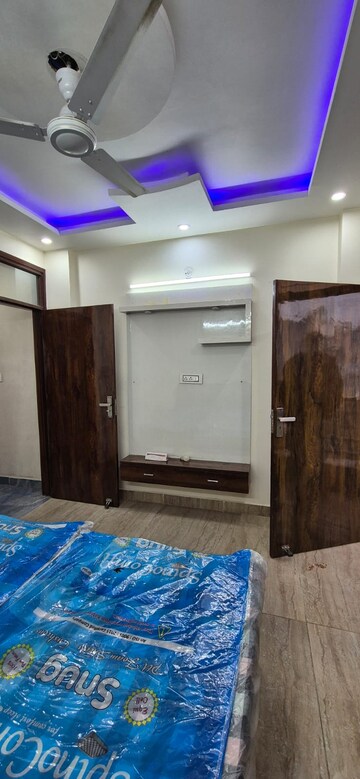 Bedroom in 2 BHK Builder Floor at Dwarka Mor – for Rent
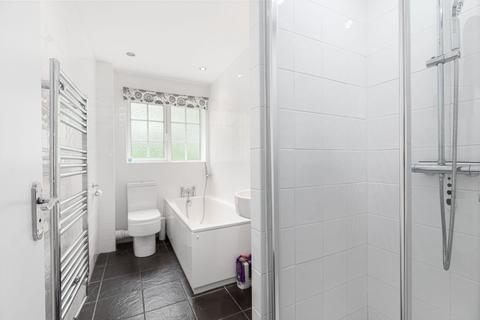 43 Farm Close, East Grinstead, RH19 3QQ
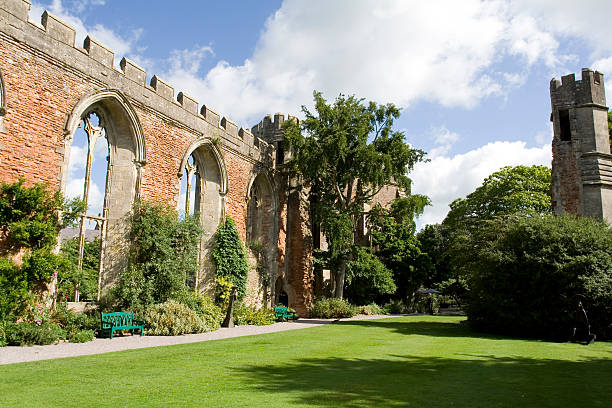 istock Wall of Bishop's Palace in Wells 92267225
· · · · ·
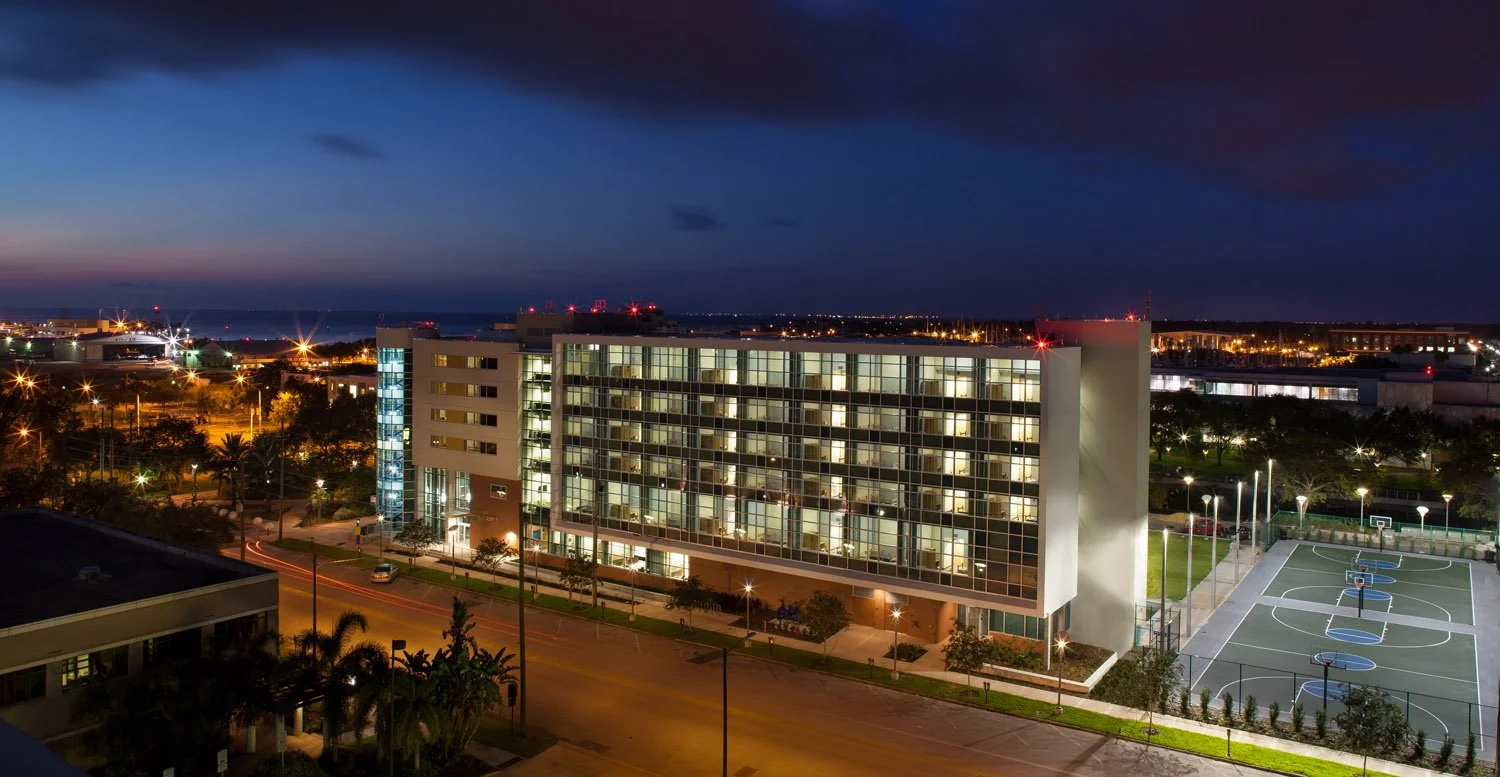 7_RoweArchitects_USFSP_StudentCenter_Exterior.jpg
· · · · ·
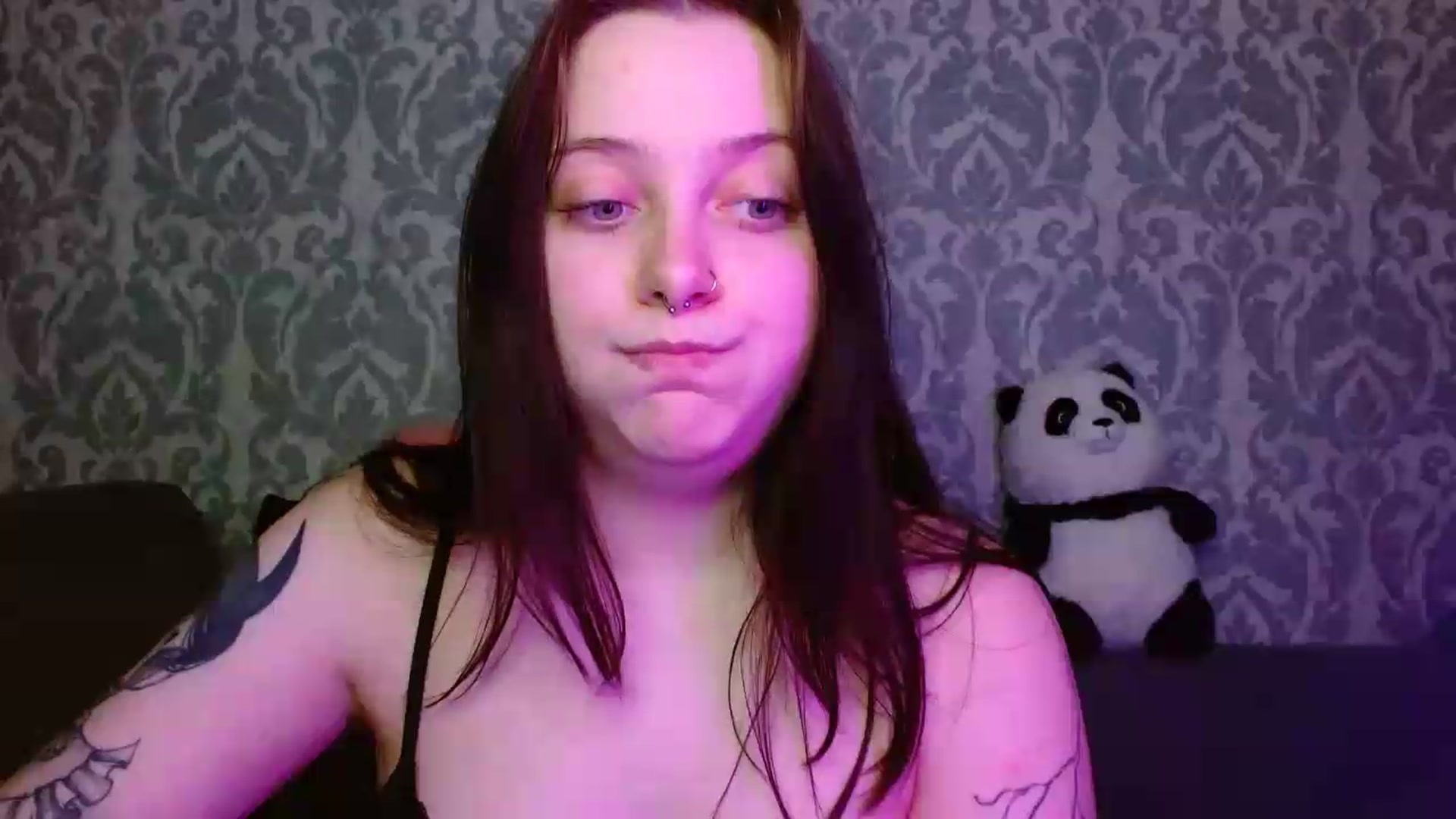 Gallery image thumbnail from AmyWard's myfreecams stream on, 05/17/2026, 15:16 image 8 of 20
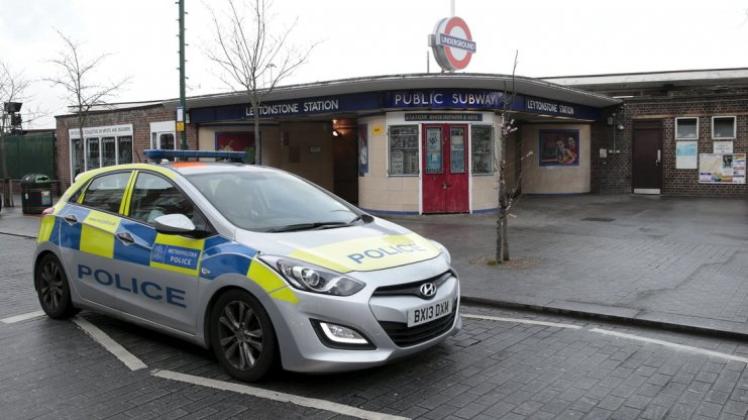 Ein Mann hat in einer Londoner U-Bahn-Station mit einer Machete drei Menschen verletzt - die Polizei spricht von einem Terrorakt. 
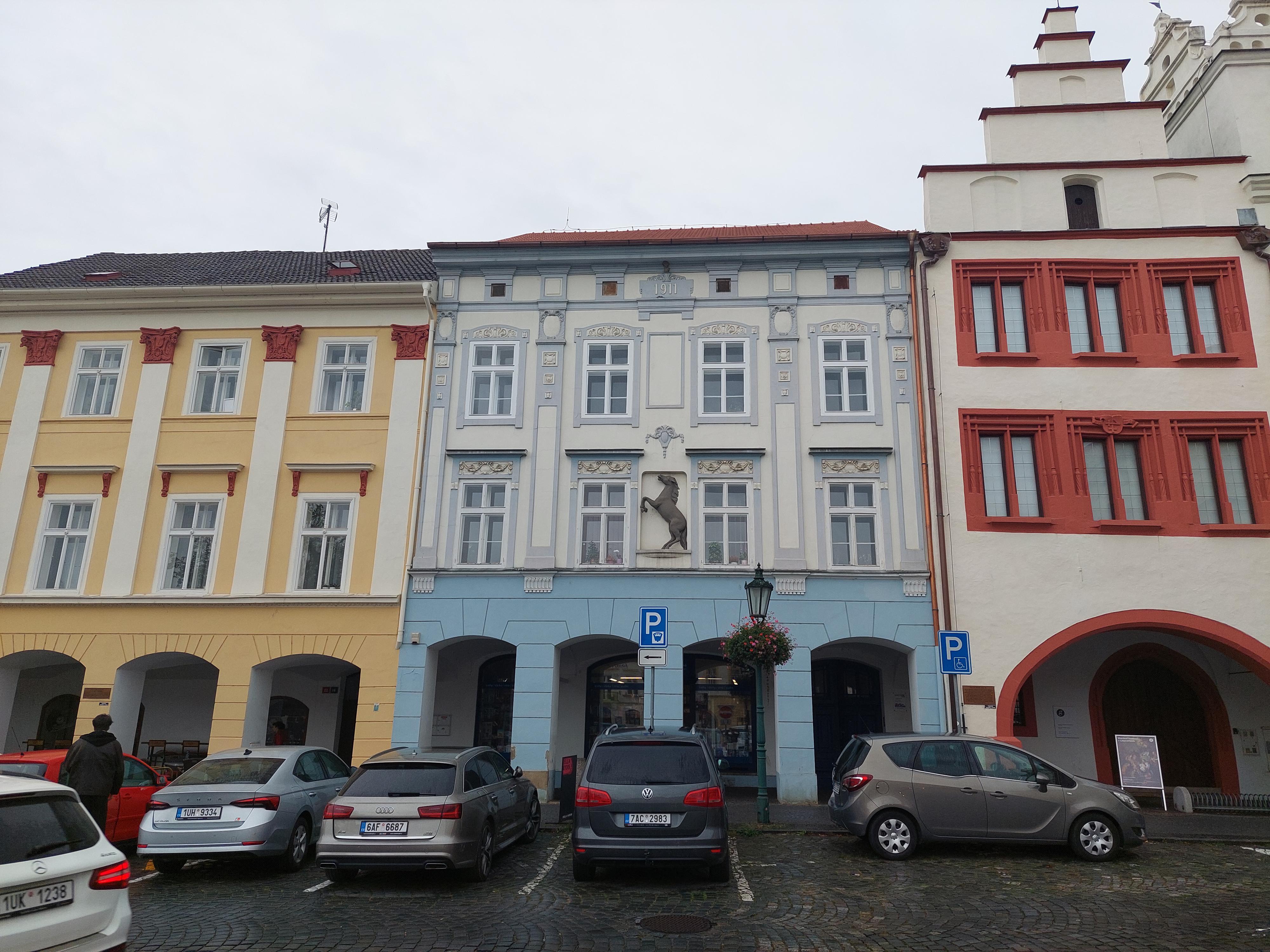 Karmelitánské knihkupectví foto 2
· · · · ·
● **Required action**: Reproduce the lines above starting at the one with "Gallery image thumbnail" and ending at the one with "Karmelitánské knihkupectví foto 2", both included, exactly and with no pictures.

● **Task solution**:
 Gallery image thumbnail from AmyWard's myfreecams stream on, 05/17/2026, 15:16 image 8 of 20
 Ein Mann hat in einer Londoner U-Bahn-Station mit einer Machete drei Menschen verletzt - die Polizei spricht von einem Terrorakt. 
 Karmelitánské knihkupectví foto 2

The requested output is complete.